Le conflit et son impact

Khulood Al-Qahoum, travailleuse sociale, estime que les conditions vécues au Yémen depuis le début du conflit sont difficiles et se détériorent dans divers aspects de la vie, y compris le volet social. Plus de deux tiers de la population yéménite – soit 21,6 millions de personnes – ont un besoin urgent d’assistance humanitaire, dont plus de 20 millions nécessitent une aide sanitaire urgente, selon un rapport de L’Organisation mondiale de la Santé (OMS) en 2023. Dans un autre rapport du Programme alimentaire mondial (PAM) en 2024, il a été indiqué que 18,6 millions de personnes au Yémen auront encore besoin d’aide humanitaire. Comment ces jeunes peuvent-ils envisager le mariage alors qu’ils sont confrontés à de nombreux défis, tels que la hausse des prix, l’augmentation des dotations, l’exagération des préparatifs de mariage, et la complexité des coutumes et traditions dans de nombreuses régions du Yémen ?

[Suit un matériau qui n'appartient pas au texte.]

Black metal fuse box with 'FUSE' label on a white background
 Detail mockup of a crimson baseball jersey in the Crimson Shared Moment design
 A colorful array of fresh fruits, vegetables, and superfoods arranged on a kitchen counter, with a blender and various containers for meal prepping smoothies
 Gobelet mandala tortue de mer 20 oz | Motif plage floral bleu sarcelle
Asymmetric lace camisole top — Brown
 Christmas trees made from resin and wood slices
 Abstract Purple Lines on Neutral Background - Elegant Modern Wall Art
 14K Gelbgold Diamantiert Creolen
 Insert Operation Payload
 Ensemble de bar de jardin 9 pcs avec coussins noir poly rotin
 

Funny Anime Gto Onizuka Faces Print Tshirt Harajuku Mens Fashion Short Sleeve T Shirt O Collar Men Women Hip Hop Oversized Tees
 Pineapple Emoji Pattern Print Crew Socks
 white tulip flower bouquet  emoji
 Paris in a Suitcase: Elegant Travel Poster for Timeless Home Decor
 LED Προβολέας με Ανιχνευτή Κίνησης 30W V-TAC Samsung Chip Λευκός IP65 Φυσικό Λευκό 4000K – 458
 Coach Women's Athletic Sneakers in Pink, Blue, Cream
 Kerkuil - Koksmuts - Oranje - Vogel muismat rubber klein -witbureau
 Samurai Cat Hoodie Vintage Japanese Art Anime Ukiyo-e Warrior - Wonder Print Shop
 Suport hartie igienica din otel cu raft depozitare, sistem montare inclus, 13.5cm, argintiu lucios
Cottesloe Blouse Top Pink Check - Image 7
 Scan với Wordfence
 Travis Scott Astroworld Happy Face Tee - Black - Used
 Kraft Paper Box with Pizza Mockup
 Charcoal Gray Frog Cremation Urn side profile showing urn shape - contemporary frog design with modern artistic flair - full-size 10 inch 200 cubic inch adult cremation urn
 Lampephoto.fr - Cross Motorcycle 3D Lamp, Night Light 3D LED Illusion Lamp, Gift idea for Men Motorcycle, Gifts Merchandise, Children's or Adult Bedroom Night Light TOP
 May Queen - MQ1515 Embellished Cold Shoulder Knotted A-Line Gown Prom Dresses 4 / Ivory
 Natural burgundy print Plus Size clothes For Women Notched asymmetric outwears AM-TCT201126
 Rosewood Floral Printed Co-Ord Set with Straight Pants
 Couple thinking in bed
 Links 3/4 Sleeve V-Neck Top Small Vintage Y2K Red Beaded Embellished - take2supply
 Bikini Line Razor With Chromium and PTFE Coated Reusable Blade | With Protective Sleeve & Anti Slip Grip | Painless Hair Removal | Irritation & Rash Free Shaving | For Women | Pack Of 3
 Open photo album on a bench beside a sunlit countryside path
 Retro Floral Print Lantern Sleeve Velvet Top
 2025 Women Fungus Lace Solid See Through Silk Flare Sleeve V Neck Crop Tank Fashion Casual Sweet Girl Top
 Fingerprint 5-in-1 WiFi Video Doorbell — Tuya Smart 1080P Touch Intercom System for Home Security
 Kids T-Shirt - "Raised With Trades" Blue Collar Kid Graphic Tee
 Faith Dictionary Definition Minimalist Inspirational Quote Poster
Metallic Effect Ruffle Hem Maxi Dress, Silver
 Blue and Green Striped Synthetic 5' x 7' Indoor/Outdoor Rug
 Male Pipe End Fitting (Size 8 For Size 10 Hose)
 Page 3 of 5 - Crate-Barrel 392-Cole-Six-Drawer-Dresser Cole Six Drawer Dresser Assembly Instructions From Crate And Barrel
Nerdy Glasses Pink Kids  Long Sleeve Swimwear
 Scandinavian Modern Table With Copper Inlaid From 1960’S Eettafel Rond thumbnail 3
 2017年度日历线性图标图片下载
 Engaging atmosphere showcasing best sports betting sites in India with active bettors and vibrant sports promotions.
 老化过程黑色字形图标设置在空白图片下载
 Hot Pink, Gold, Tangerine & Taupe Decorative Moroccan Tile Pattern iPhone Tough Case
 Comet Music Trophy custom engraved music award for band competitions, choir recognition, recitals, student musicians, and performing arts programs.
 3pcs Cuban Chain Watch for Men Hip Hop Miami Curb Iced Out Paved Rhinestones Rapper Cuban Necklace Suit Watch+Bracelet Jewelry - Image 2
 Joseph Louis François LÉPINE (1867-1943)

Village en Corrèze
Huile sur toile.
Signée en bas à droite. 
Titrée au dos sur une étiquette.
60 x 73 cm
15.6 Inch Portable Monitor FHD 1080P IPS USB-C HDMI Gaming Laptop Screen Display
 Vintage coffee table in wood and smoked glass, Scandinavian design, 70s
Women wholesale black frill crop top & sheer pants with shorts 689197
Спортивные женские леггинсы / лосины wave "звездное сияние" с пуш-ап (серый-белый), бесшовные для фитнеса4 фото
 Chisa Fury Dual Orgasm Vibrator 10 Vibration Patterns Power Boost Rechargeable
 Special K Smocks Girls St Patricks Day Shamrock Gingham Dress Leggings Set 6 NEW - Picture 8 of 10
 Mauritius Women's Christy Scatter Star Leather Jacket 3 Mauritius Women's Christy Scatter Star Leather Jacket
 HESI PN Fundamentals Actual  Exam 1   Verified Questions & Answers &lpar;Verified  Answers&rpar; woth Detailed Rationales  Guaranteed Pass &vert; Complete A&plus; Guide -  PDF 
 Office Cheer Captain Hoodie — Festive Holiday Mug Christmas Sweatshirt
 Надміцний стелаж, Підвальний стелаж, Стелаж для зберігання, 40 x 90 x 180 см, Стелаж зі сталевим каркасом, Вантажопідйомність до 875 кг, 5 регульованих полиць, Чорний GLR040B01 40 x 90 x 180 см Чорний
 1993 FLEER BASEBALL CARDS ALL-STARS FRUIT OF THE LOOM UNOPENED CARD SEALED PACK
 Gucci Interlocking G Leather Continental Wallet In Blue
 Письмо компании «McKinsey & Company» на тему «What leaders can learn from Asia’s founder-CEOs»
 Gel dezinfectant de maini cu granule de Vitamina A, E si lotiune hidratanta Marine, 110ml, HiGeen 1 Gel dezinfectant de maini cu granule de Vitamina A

Elle a ajouté : « Le conflit actuel au Yémen et ses conséquences successives ont déchiré le tissu social dans de nombreuses régions et ont entraîné une augmentation de l’apparition de l’infertilité parmi les jeunes, ce qui a des effets à long terme sur le plan psychologique, moral et social. Ils commencent à penser au travail et à la manière de subvenir aux besoins de leur famille ».

De son côté, Ibtissam Al-Syood, travailleuse sociale et conseillère familiale, déclare : « Le conflit qui dure depuis des années au Yémen a clairement eu un impact sur l’augmentation des taux de célibat dans le pays. En effet, les conflits augmentent les pressions économiques, ce qui rend difficile la couverture des frais de mariage et entraîne ainsi une hausse des taux de célibat ».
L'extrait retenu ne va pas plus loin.